As told to Adrienne Eckman
ServeCT: Is this your first year as an AmeriCorps member?
Olivia: Yes, this is my first year.
ServeCT: Where do you serve with HealthForward and what is your role?
Olivia: I serve with HealthForward in partnership with Connecticut AHEC, which stands for Area Health Education Centers. I serve at Central AHEC in Hartford as the Program Coordinator. HealthForward focuses on health education, basically instructing high school students about health careers. We are encouraging students in under privileged areas to go into the health field so there is more representation.
I also serve with the CNA (certified nurse assistant) pathway to college program. I assist with data and registration with students. We at Central offer free CNA classes. Students only need to pay for the actual certification, their drug and alcohol test, and their tuberculosis test. Then, the rest of the program is free. They receive clinical hours so they are set for certification. The program lasts four weeks.
ServeCT: Why did you choose to serve with HealthForward?
Olivia: I originally applied for a different health related program. However, HealthForward Program Director Celia Meyer saw my application and suggested I might be a better fit for HealthForward. I immediately knew that was something I wanted to do. I graduated from Southern Connecticut State University (SCSU) with a Bachelors in Public Health, and the education side of the program caught my interest. Being able to provide health education with HealthForward was something I thought I would love to do.

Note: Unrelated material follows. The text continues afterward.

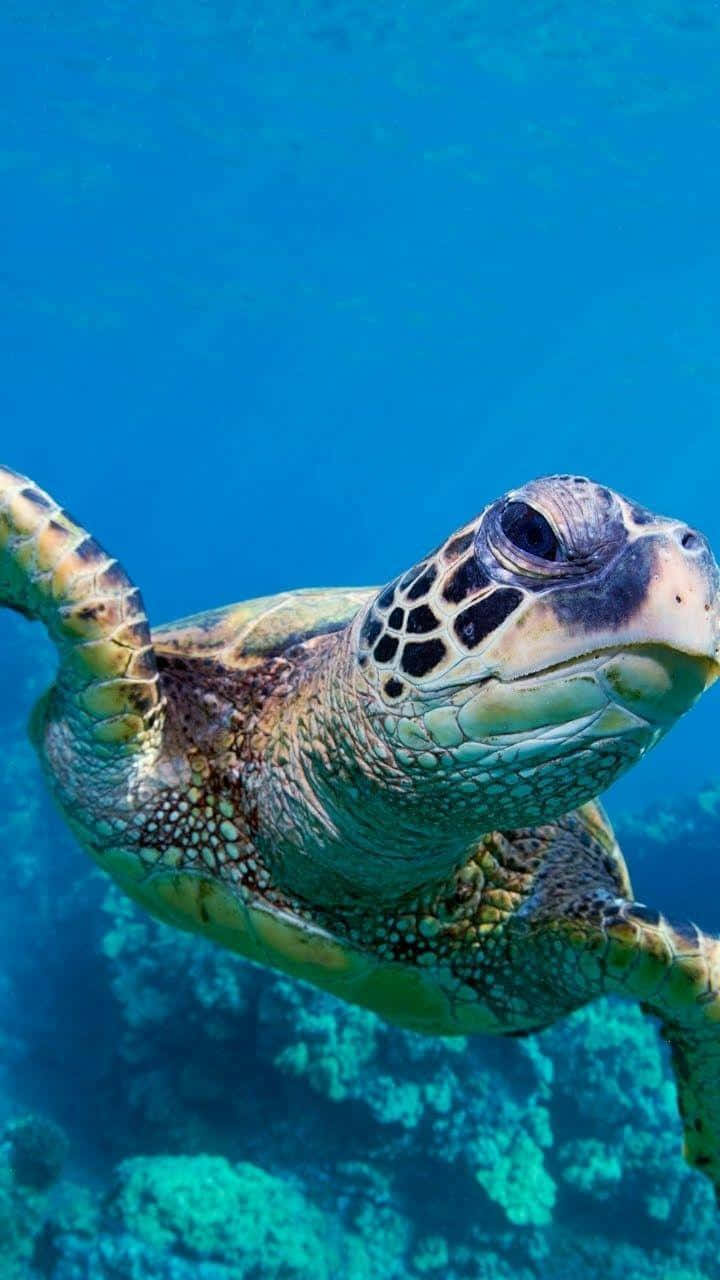 Turtle, iPhone HD, green sea turtle, HD Phone Wallpaper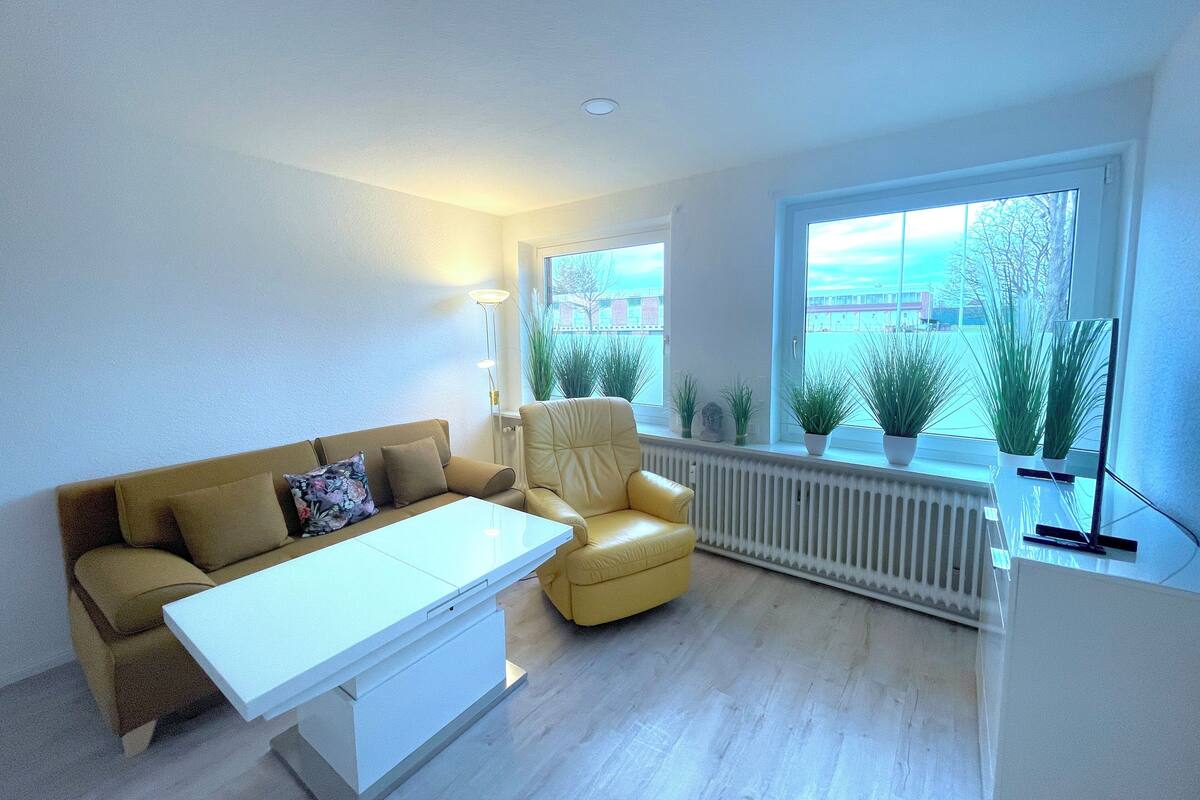 Una sala moderna con sofá, sillón y mesa de centro. Hay plantas en macetas en un alféizar y un radiador debajo de las ventanas.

ServeCT: Would you mind sharing a bit about your background that led you to applying to be an AmeriCorps member?
Olivia: I was just about to graduate and was looking for a job. I was taking a gap year before going back to graduate school. I wanted something that would give me experience. My friend was an AmeriCorps member with Jumpstart so I heard about AmeriCorps from her. I started looking at programs around the state. I knew I wanted to stay in Connecticut. I grew up in New Fairfield, Connecticut and intend on staying in Connecticut after my year of service. After the year, I will be going back to SCSU to get my Masters in Public Health.
ServeCT: Are there any activities or interests you pursue outside of your service?
Olivia: I am committed to being a health educator, even on social media. So I advocate for healthcare and making sure the correct information goes out to everyone.
ServeCT: This has been a different type of service year than past because of the COVID-19 crisis. How have you been handling your service year while practicing social distancing? Are you serving in different ways in response to the crisis?
Olivia: It has been an adjustment. Normally, I serve by traveling to classrooms to speak with students. I would do presentations with students every week or every other week. Now, I am having to think about how to continue getting those workshops out to students. I emailed my partner schools to ask if they would be interested in holding meetings over Zoom instead. I was able to hold a group meeting on Tuesday for the first time! We did a health education workshop. We got a bunch of students online and tried to make it a break from their school work. We didn’t want to overwhelm them as we know students have a lot of school work at home and are also adjusting to working remotely. We discussed how to stay positive during this time. We do have students who are essential workers so we wanted to give them information to help them with their mental health. I am also currently working on a statewide presentation that will be delivered to all of AHEC. Currently, there is a lot of misinformation circulating around the virus and we feel it’s important to send a clear message of the facts.
ServeCT: What advice would you give a new member on their first day of service?
Olivia: Go in with an open mind and be prepared to make the service year your own. Don’t try to mimic someone else’s experience!